● **Material provided**:
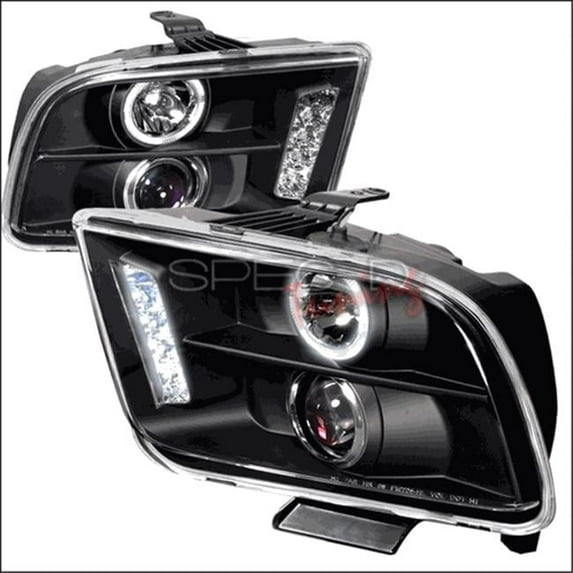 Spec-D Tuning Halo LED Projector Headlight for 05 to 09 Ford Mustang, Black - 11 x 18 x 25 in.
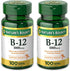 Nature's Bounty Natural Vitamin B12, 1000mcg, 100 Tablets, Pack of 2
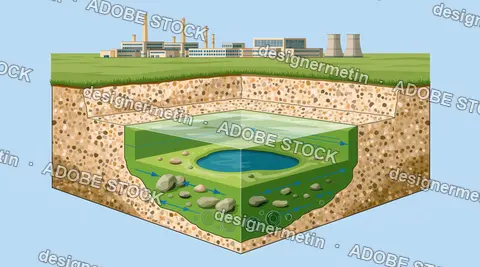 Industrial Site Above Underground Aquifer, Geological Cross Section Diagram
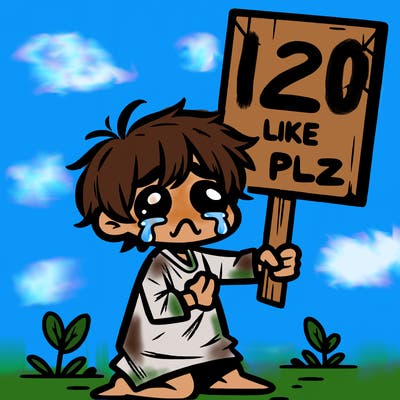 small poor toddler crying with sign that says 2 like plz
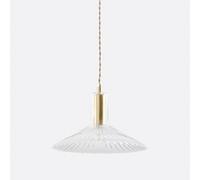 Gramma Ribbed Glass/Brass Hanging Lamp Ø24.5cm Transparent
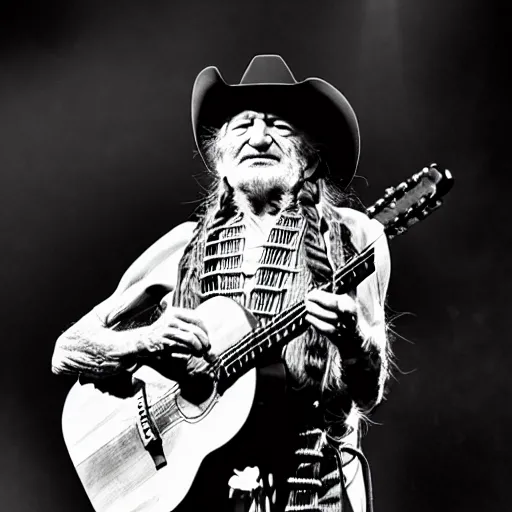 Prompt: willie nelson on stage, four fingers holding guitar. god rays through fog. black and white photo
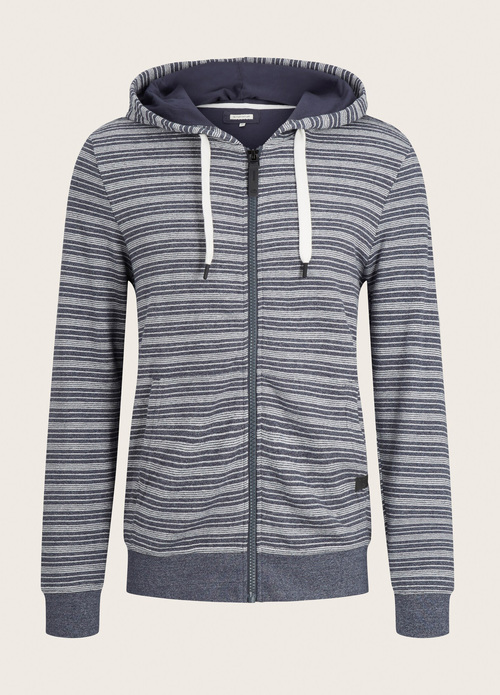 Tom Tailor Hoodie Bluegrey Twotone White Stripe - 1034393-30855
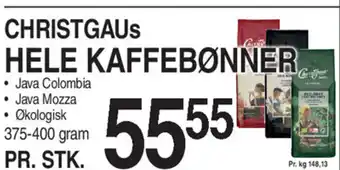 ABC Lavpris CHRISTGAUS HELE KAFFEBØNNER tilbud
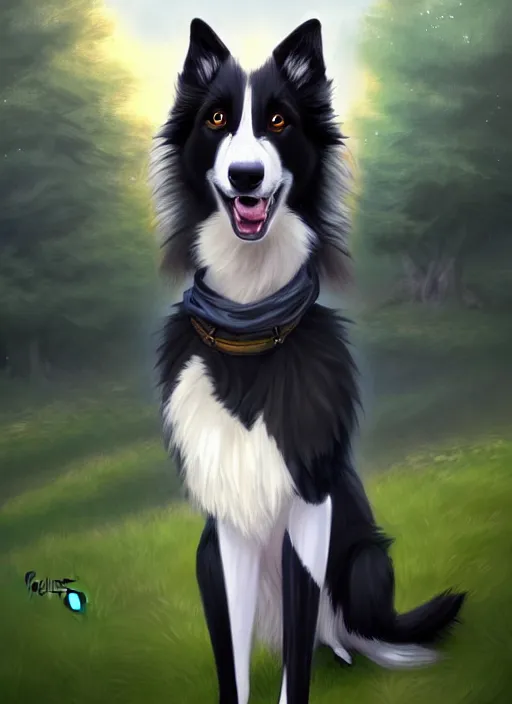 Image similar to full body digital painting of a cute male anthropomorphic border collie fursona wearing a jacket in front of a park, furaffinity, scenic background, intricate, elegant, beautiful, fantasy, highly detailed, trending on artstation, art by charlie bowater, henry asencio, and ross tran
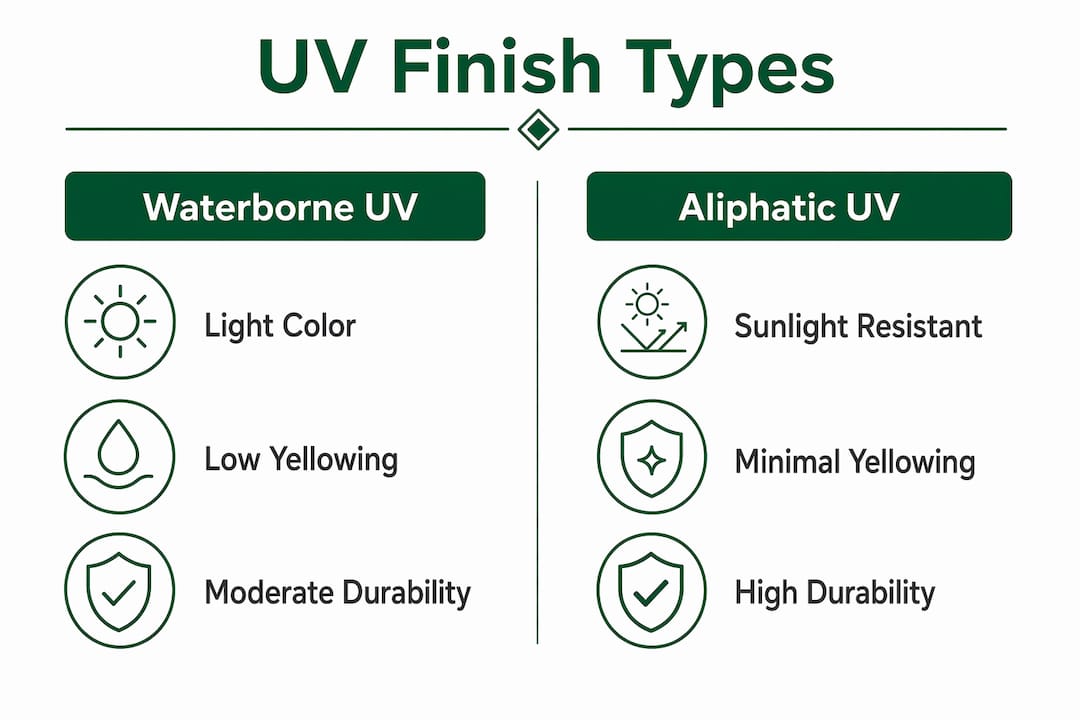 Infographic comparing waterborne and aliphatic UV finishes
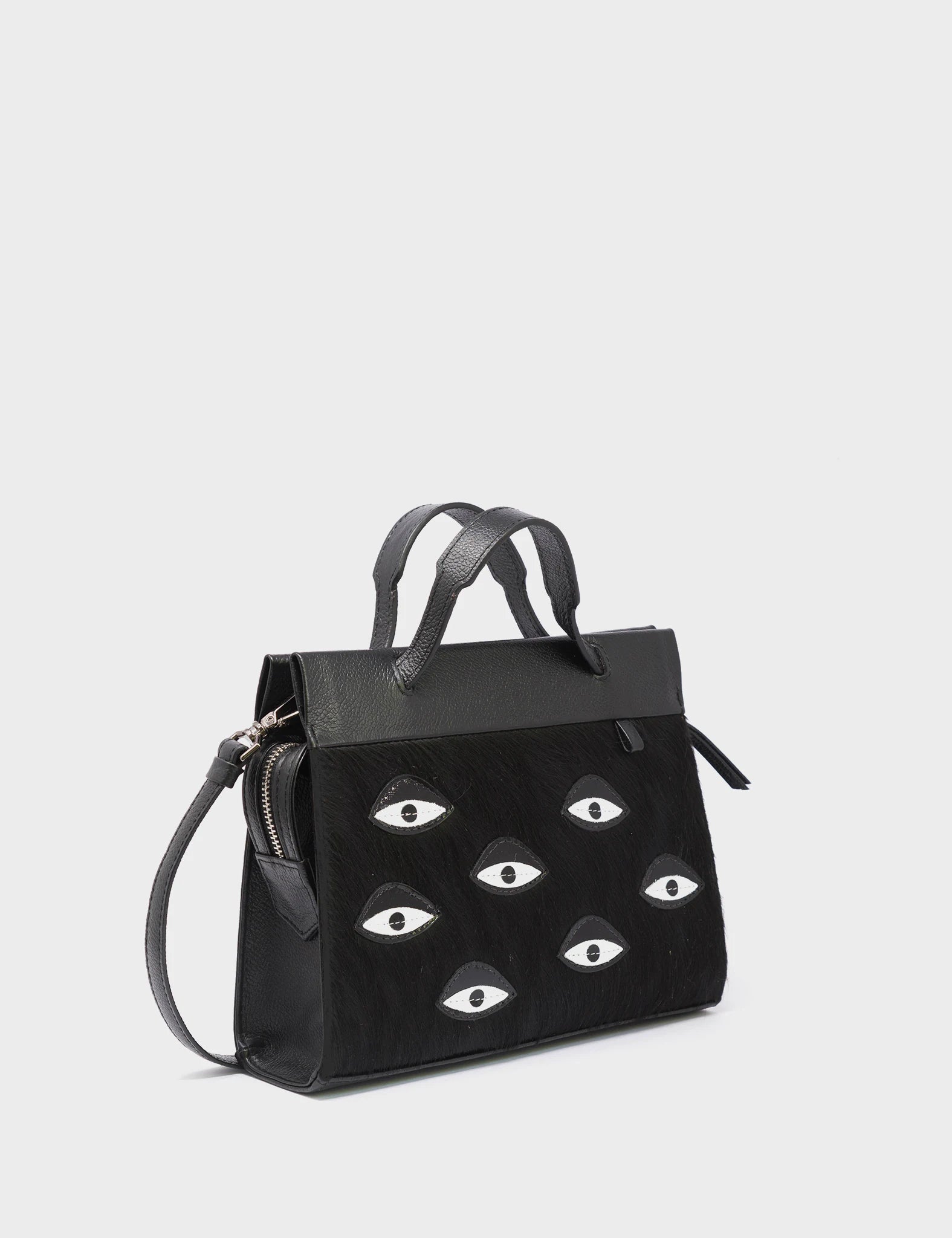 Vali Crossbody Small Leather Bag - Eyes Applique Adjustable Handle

...

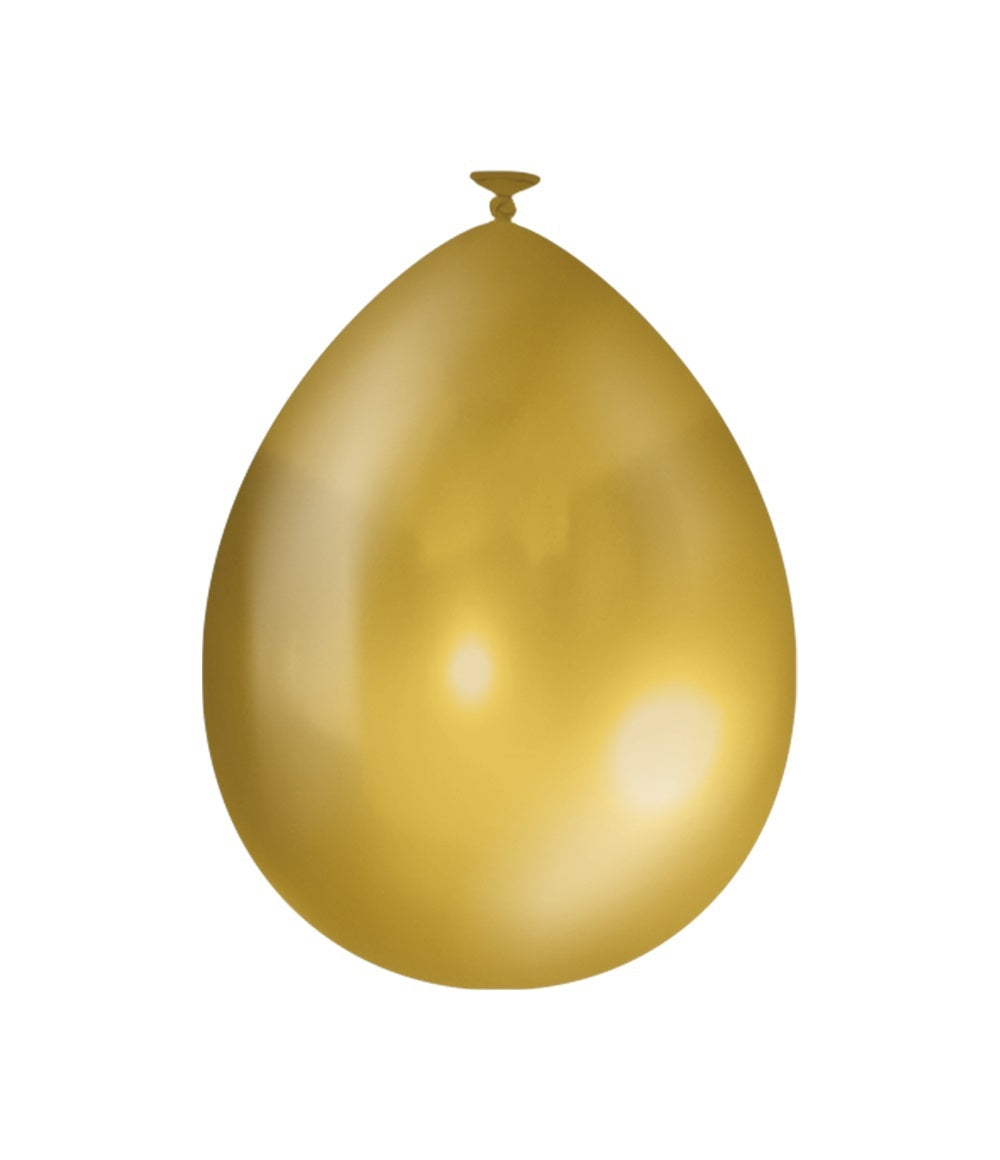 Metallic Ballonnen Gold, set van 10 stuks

● **Task to carry out**: What you write must match the listing exactly, from the line with "Infographic comparing waterborne" up to and including the line with "Vali Crossbody Small". Pictures stay out.

● **The answer**:
 Infographic comparing waterborne and aliphatic UV finishes
 Vali Crossbody Small Leather Bag - Eyes Applique Adjustable Handle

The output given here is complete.